[Records from a data source]
_ _ _

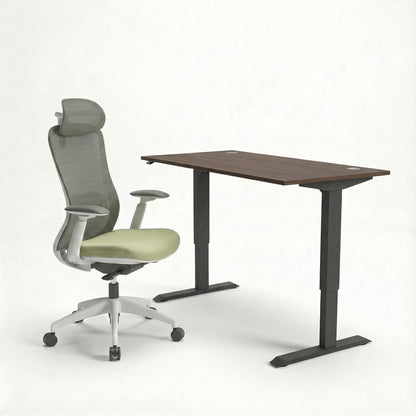 white Ergonomic chair and adjustable sit stand desk on a white background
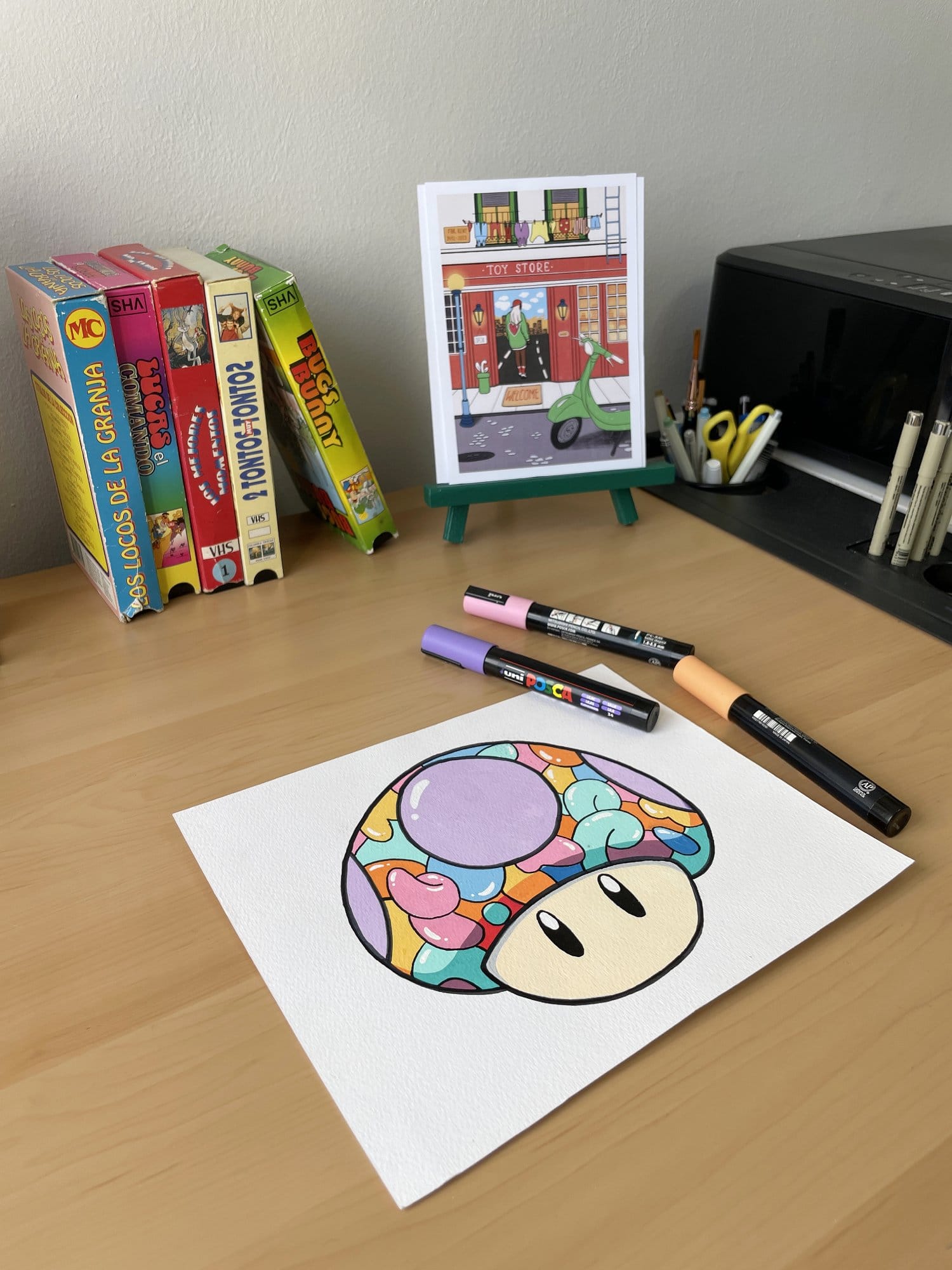 A colourful cartoon mushroom drawing on white paper lies on a wooden desk, with Posca markers nearby, vintage VHS tapes stacked upright, a green easel displaying an illustration of a toy store, and a black printer in the background holding pens in a container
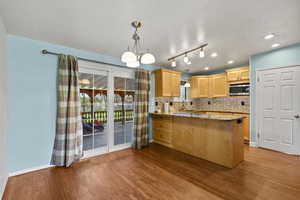 Kitchen featuring light stone countertops, a peninsula, a chandelier, backsplash, and light wood-type flooring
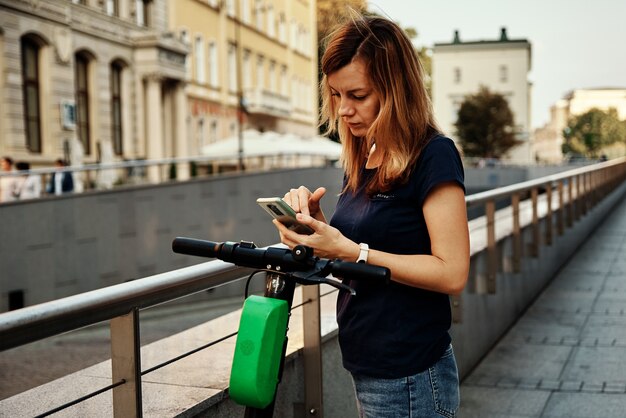 Frau entsperrt Elektroroller zum Mieten mit einer Smartphone-App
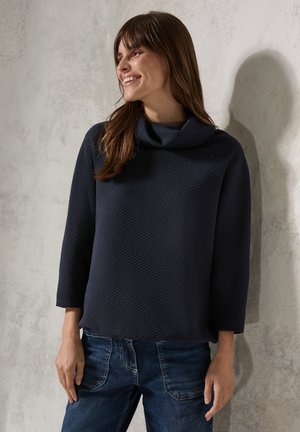Cowl-Neck-Pullover in Dunkelblau mit strukturiertem geometrischem Muster, kombiniert mit Jeans. Verfügt über Dreiviertelärmel und einen lässigen Schnitt.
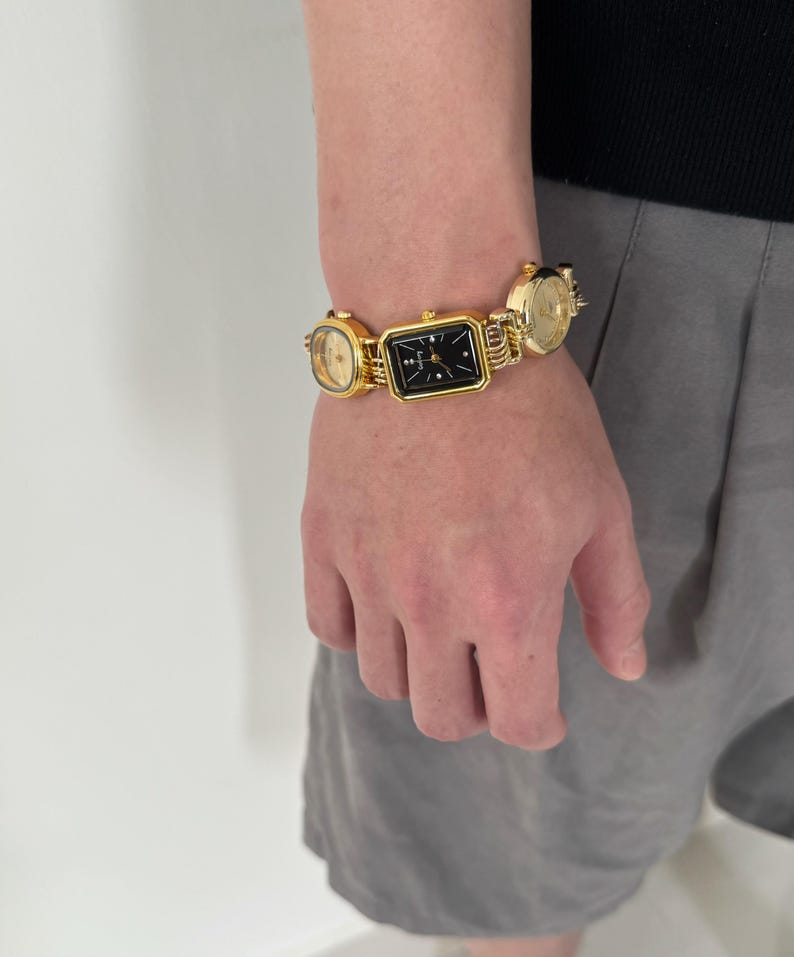 May include: A gold-tone bracelet with three square-shaped watches attached. The watches have black faces and gold-tone hands.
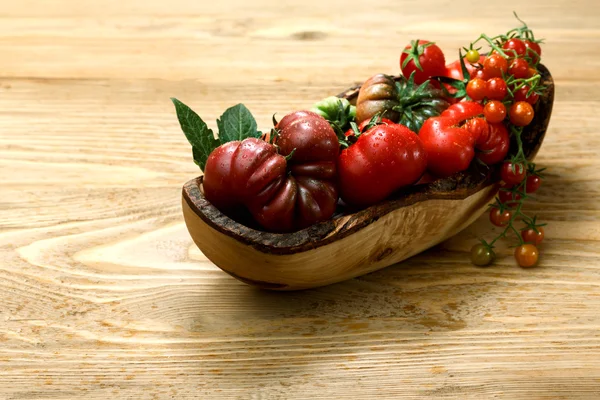 Tomates de relíquia frescos em mesa de madeira — Fotografia de Stock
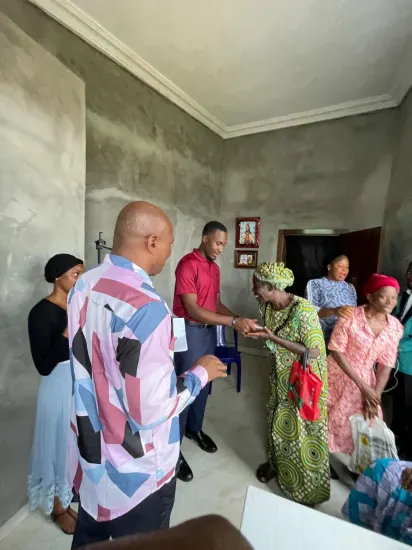 Pastor Joseph Ante with an older widow during a Widows Empowerment visit, Nigeria 2026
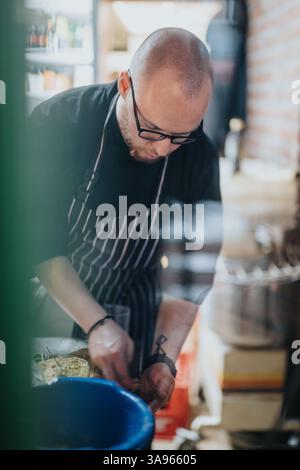 Chef preparing dishes in professional kitchen during a dedicated cooking session Stock Photo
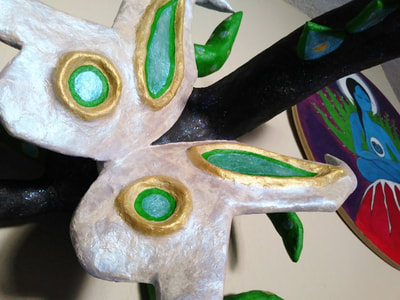 close up of butterfly wings on cartoneria paper sculpture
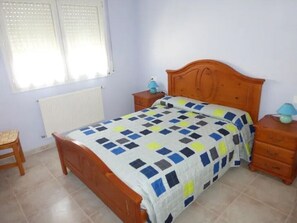 A bedroom with a wooden bed, a nightstand, a lamp, and a radiator. - Villa Alzina with Private Pool (L'Escala)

_ _ _

### Work instructions
Keep the pictures out and print all the records exactly as they are.

### Exercise result
 white Ergonomic chair and adjustable sit stand desk on a white background
 A colourful cartoon mushroom drawing on white paper lies on a wooden desk, with Posca markers nearby, vintage VHS tapes stacked upright, a green easel displaying an illustration of a toy store, and a black printer in the background holding pens in a container
 Kitchen featuring light stone countertops, a peninsula, a chandelier, backsplash, and light wood-type flooring
 Frau entsperrt Elektroroller zum Mieten mit einer Smartphone-App
Cowl-Neck-Pullover in Dunkelblau mit strukturiertem geometrischem Muster, kombiniert mit Jeans. Verfügt über Dreiviertelärmel und einen lässigen Schnitt.
 May include: A gold-tone bracelet with three square-shaped watches attached. The watches have black faces and gold-tone hands.
 Tomates de relíquia frescos em mesa de madeira — Fotografia de Stock
 Pastor Joseph Ante with an older widow during a Widows Empowerment visit, Nigeria 2026
 Chef preparing dishes in professional kitchen during a dedicated cooking session Stock Photo
 close up of butterfly wings on cartoneria paper sculpture
 A bedroom with a wooden bed, a nightstand, a lamp, and a radiator. - Villa Alzina with Private Pool (L'Escala)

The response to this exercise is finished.